Hot on the heels of a graft scandal that has blighted a flagship exhibition to be staged in Kazakhstan’s capital comes news that its budget is being slashed – again.
With Kazakhstan in the throes of economic crisis, President Nursultan Nazarbayev has approved cuts of 53 billion tenge ($140 million) to the budget for hosting EXPO-2017 in Astana next year.
“We have to look at budget spending, taking account of hard times,” Akhmetzhan Yesimov, the official in charge of organizing the project, said in remarks quoted by Tengri News on January 26.
The latest cuts bring the total reduction in public spending on the exhibition to 131 billion tenge ($345 million), a dramatic slump forced by the fall in global oil prices.
That is around one-tenth of the originally expected total expenditure of $3 billion, most of which was to come from private investors but with a significant chunk provided by the state.
The project’s financial well-being was not helped by officials previously in charge of organizing it pilfering some $27 million dollars from the construction funds.
Kazakhstan is scrambling for ideas on where to cut as it enters its worst economic crisis since the 1990s.
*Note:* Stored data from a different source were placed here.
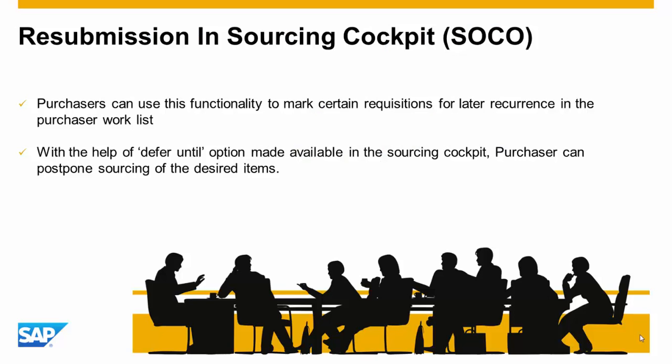In this video, we will discuss the defer sourcing feature in Sourcing Cockpit. Purchasers can use this functionality to mark certain requisitions for later resubmission in the purchaser worklist with the help of the 'defer until' option.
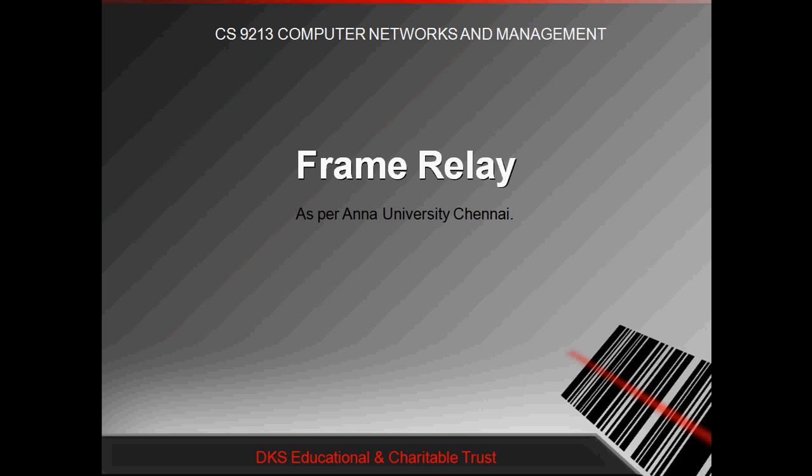Today we are going to see about Frame Relay, which is the first topic in our Anna University Chennai Syllabus for ME Computer Science. Before going into Frame Relay, we are going to see about Packet Switching Network.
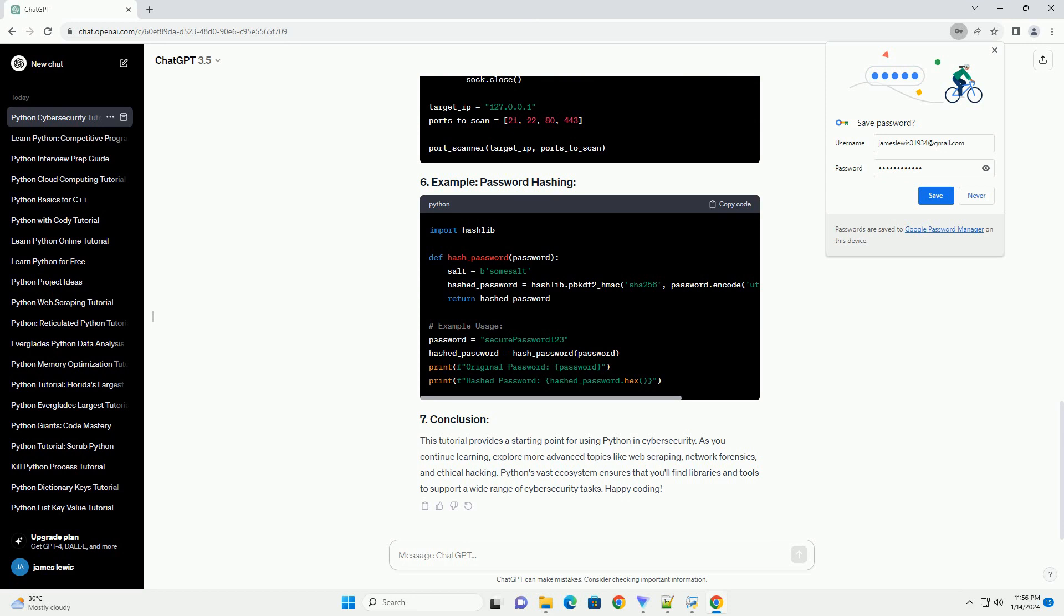This tutorial provides a starting point for using Python in cybersecurity. As you continue learning, explore more advanced topics like web scraping, network forensics, and ethical hacking. Python's vast ecosystem ensures that you'll find libraries and tools to support a wide range of cybersecurity tasks.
Some economists are forecasting negative growth this year for the first time in nearly two decades.
Critics of the EXPO see it as a vanity project that is wasting money at a time of crisis, though when Kazakhstan won the hosting rights in 2012 oil prices were riding high and growth was buoyant.
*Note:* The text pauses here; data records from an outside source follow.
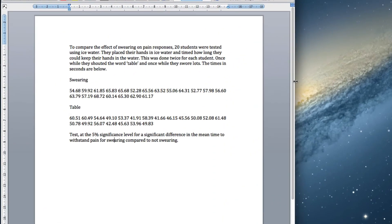We've got a situation where it looks like we're comparing two means, but we have a situation where each subject has two measurements. This is what we call matched pairs. We've got two groups, but because we have repeated measurements on each individual, each person has a difference. And we test this using what we call the matched pairs t-test.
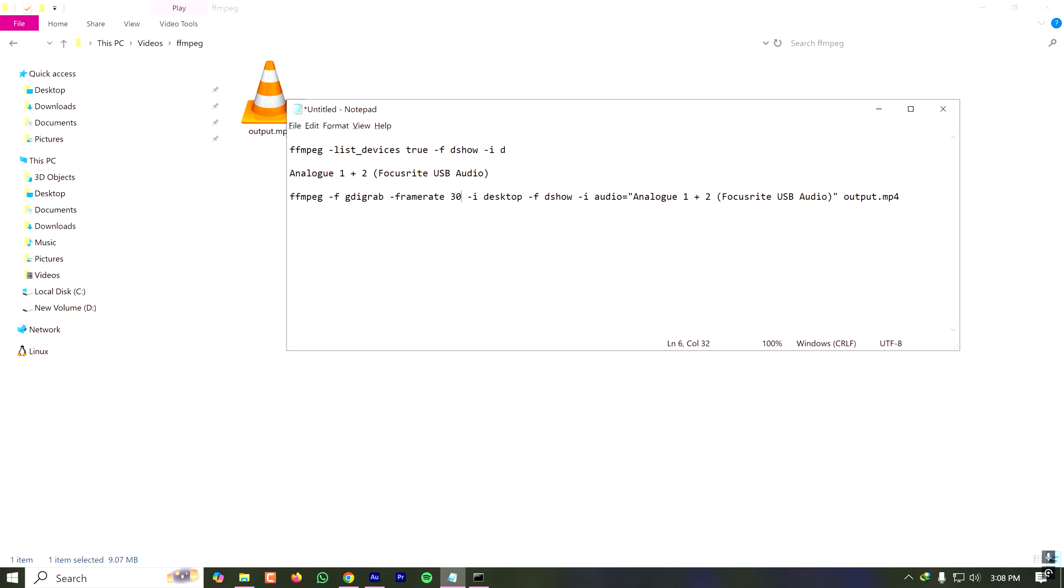This is how I can record my screen and video tutorial for any purpose. You do not need any premium software to make tutorials like this one. You can just use FFmpeg, which is an open source and very powerful video processing tool. Thanks for watching and don't forget to subscribe to my channel.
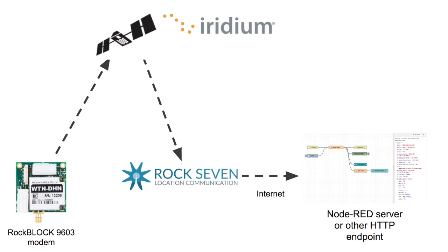In this project, I'm using a ROC Block 9603 satellite modem from ROC7 Communications. With a simple Arduino program, I use the modem to send a message up to the Iridium constellation of satellites. Iridium downlinks the message to ROC7, which then sends it over the internet to whatever server I wanted to.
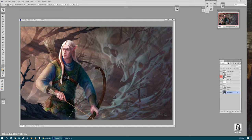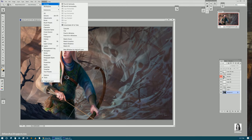So, simply take on a new window for your work. Window, arrange, new window for...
Supporters counter that a major infrastructure project could help kick-start the economy by creating jobs. There are 230 Kazakhstani companies working on construction of the facilities, Yesimov said, on contracts worth some 77 billion ($200 million).
After the exhibition, the buildings are to be turned into the new Astana International Financial Centre, whose creation was ordered by Nazarbayev last year.